2. Некоторые добавляют к этому то, что они понимают под художественностью языка: разбрасывают по тексту красочные эпитеты, кто может, добавляет сравнения и даже метафоры. Горшки «хранят аромат веков», а плинфы – «отдают седой древностью». Обычно это мало помогает: ну стал язык цветистым или напыщенным, а увлекательным не стал. Гораздо труднее сделать язык богатым и пластичным, когда у автора есть выбор из десятков выражений для решения одной задачи.

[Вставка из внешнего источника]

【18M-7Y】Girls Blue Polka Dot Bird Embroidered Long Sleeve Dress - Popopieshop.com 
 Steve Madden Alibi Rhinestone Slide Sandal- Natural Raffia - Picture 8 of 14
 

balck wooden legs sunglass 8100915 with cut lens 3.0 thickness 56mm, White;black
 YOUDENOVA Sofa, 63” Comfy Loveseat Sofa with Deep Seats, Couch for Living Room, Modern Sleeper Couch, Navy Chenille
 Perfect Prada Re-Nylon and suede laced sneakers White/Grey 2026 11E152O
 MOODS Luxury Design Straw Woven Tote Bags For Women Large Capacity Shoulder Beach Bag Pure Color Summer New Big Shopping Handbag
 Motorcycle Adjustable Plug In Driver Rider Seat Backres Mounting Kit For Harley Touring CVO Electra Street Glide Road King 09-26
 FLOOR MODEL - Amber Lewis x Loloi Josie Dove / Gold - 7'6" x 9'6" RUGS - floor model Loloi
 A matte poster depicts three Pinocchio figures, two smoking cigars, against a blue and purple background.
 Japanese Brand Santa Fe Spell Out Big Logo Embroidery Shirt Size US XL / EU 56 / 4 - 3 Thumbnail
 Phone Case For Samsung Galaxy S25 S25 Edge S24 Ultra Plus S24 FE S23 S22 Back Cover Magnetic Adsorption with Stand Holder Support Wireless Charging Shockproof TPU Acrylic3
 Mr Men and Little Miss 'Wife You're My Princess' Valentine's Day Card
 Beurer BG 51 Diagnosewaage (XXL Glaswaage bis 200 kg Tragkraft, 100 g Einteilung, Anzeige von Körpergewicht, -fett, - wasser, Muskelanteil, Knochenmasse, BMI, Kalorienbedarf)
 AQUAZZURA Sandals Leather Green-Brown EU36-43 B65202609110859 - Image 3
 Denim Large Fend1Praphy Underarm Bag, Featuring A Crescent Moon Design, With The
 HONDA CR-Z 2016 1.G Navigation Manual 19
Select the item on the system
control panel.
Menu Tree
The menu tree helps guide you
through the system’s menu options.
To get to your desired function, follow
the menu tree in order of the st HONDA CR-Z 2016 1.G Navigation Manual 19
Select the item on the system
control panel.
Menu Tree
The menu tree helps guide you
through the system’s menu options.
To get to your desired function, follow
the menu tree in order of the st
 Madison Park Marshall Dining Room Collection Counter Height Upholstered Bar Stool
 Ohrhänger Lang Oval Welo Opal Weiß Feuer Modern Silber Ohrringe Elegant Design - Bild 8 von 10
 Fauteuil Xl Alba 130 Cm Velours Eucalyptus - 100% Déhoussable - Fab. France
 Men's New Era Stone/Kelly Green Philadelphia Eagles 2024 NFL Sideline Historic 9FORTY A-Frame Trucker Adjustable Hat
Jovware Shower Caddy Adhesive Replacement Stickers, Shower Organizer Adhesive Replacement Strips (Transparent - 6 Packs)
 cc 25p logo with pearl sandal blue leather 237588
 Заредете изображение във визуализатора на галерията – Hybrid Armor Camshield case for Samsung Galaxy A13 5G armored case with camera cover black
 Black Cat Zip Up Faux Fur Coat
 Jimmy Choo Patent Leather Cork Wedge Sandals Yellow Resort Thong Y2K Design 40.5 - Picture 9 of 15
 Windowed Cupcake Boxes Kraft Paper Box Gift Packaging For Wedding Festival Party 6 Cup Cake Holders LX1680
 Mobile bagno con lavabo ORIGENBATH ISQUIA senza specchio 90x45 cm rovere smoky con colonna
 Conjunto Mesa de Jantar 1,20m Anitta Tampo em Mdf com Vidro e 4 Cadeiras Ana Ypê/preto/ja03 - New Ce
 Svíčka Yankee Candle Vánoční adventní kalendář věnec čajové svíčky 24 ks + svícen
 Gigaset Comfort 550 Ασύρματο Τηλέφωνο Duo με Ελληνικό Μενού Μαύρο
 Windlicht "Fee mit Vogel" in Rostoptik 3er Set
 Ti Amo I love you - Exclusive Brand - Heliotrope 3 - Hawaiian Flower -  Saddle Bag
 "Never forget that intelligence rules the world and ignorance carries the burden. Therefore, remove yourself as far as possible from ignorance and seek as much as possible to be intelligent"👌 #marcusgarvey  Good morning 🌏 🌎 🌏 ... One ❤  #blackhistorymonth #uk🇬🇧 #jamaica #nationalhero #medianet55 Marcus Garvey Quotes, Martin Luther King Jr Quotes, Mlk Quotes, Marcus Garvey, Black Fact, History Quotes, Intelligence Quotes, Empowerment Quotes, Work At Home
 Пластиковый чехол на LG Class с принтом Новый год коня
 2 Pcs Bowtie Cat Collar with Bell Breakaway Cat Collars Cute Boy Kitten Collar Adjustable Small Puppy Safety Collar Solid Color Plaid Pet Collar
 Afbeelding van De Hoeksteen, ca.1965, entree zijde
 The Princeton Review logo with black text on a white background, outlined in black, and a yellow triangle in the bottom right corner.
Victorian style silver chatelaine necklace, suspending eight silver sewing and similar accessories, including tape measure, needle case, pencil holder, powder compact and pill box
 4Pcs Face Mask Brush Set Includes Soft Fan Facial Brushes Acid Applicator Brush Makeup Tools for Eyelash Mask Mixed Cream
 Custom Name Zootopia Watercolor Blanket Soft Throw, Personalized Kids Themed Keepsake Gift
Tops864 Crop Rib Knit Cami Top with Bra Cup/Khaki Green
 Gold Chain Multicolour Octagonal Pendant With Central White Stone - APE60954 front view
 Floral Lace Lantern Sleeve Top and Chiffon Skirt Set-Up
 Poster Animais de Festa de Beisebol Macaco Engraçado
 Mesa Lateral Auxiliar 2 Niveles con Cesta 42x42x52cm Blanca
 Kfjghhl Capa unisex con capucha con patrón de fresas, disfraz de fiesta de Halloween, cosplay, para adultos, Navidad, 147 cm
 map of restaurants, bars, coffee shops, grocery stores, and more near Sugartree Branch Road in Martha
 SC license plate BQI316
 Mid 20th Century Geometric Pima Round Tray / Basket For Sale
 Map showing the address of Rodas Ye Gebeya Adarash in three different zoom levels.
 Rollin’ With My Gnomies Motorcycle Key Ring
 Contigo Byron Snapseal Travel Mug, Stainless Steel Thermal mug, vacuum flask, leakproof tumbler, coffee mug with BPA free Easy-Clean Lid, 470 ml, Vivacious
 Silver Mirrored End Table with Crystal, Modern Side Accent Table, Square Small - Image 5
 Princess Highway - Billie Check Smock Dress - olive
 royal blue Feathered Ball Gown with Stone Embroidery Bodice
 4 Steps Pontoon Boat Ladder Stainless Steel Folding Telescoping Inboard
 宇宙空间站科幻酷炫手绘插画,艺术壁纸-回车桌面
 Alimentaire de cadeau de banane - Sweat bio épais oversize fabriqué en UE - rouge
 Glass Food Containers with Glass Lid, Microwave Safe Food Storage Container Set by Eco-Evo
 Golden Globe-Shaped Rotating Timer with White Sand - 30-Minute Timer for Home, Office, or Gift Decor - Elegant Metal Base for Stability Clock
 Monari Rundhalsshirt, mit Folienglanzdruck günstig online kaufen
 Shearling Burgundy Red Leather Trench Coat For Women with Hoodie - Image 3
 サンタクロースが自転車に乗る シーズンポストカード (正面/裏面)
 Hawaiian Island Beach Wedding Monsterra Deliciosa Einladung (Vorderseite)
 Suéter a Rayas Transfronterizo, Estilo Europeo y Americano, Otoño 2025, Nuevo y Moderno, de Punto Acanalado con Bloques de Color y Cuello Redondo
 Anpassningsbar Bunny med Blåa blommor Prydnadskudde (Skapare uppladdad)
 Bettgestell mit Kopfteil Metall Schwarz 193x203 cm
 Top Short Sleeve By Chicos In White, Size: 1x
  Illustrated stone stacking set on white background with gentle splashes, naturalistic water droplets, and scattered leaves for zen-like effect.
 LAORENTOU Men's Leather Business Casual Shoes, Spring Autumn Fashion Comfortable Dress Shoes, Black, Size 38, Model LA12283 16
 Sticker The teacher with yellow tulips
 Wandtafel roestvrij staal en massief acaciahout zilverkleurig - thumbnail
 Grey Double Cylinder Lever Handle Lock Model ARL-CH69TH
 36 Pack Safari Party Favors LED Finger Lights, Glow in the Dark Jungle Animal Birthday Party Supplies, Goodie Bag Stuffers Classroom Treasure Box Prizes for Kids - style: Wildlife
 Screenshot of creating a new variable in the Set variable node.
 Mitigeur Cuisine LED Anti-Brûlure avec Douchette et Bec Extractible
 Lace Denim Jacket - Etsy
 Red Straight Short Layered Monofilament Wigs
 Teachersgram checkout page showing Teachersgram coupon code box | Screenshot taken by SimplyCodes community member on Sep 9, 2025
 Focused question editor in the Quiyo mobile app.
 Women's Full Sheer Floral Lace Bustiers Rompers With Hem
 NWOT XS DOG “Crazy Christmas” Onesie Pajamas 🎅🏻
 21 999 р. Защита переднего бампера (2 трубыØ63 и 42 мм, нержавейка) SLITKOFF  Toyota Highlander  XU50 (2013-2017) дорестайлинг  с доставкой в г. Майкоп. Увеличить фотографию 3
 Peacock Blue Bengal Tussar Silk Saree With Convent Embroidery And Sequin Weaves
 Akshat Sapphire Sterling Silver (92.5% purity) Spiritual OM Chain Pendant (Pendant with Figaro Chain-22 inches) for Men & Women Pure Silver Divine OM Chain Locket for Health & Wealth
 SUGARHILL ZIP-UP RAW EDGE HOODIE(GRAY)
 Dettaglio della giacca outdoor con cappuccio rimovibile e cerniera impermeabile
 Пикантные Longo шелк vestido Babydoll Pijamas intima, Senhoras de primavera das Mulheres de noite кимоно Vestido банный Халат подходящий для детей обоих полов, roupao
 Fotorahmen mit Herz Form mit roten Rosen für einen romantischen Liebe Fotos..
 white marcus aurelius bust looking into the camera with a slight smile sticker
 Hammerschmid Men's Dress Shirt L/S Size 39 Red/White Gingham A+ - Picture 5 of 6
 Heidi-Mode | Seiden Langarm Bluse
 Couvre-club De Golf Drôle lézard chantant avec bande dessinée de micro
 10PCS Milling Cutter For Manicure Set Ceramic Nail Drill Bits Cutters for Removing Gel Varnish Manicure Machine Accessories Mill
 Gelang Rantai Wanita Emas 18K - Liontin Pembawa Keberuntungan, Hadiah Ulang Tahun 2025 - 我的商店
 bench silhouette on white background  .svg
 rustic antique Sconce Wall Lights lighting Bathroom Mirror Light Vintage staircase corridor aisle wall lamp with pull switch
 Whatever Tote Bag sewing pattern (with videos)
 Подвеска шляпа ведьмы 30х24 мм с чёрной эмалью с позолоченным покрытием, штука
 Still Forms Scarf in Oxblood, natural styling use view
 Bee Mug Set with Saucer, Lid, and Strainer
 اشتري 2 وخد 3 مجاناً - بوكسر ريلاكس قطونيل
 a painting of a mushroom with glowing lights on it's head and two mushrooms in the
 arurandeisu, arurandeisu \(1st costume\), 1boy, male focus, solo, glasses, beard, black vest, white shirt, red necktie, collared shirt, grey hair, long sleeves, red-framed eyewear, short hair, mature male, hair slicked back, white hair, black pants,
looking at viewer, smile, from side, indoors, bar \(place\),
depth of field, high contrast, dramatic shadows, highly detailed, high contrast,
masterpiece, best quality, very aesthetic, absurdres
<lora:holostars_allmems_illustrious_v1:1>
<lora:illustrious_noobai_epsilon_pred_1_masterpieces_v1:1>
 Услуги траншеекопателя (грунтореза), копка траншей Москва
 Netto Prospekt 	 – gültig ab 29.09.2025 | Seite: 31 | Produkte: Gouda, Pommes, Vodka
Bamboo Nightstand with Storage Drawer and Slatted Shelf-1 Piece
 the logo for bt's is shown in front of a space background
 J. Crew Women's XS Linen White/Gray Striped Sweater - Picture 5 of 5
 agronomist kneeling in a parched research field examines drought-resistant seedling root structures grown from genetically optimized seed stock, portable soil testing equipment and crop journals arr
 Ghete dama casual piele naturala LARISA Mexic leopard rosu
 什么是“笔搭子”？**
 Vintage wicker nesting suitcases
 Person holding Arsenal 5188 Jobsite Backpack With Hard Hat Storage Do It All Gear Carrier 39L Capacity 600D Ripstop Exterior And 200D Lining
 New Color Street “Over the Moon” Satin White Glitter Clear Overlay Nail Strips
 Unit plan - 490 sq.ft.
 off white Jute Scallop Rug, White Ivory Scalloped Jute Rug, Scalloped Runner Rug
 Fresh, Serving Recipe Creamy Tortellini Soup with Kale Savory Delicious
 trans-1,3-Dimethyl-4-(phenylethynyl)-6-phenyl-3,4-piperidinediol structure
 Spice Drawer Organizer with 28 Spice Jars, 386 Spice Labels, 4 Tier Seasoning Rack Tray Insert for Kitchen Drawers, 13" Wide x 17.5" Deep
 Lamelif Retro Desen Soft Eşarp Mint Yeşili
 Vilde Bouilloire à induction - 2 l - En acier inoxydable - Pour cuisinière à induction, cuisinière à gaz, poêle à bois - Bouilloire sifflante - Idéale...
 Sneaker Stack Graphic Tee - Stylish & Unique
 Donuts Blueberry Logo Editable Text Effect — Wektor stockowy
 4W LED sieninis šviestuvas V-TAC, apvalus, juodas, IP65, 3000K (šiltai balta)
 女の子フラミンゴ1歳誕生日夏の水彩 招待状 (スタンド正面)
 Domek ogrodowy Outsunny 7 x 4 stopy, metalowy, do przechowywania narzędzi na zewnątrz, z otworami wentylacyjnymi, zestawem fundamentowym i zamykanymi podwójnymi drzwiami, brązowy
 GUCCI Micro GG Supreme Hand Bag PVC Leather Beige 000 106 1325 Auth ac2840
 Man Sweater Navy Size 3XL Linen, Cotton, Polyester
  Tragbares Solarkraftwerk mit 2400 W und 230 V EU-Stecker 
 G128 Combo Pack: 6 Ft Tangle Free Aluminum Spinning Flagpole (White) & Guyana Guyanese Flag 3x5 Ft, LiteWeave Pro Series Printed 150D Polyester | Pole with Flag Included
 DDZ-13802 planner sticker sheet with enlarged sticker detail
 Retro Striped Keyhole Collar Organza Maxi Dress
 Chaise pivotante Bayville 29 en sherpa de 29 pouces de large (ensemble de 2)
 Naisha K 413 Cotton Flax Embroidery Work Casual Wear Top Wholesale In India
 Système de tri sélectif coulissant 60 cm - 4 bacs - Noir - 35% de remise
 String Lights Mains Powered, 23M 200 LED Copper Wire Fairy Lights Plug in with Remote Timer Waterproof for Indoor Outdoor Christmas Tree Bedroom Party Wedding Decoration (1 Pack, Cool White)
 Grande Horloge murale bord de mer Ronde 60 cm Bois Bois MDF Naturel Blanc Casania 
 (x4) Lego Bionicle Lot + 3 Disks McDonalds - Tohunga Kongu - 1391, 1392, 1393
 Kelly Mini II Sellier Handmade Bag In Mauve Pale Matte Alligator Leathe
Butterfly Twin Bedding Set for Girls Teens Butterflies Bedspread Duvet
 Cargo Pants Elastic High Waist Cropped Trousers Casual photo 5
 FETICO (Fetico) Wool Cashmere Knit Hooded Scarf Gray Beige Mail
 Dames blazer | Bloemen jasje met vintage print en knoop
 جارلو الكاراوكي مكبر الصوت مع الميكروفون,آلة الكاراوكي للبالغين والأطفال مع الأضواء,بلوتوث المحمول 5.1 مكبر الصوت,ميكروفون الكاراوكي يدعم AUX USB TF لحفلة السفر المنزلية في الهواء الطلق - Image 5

3. Но и это ведь не все. Нужно еще подыскать колоритные цитаты, ввести прямую речь, да так, чтобы она звучала естественно, ввести подходящие эпизоды из практики, из своего личного опыта, шутки и комические детали – все то, чем опытные и талантливые лекторы оживляют свою речь. Одни лишь студенческие записи в полевых дневниках способны изгнать скуку из самых нудных описаний: «Скелет лежал в позе изнасилованной женщины» (не буду указывать авторство ныне известного археолога) или «Костяк лежал головой на восток, а ногами на север». Тут уместны и просторечные выражения, если они употребляются в меру (иначе речь станет вульгарной).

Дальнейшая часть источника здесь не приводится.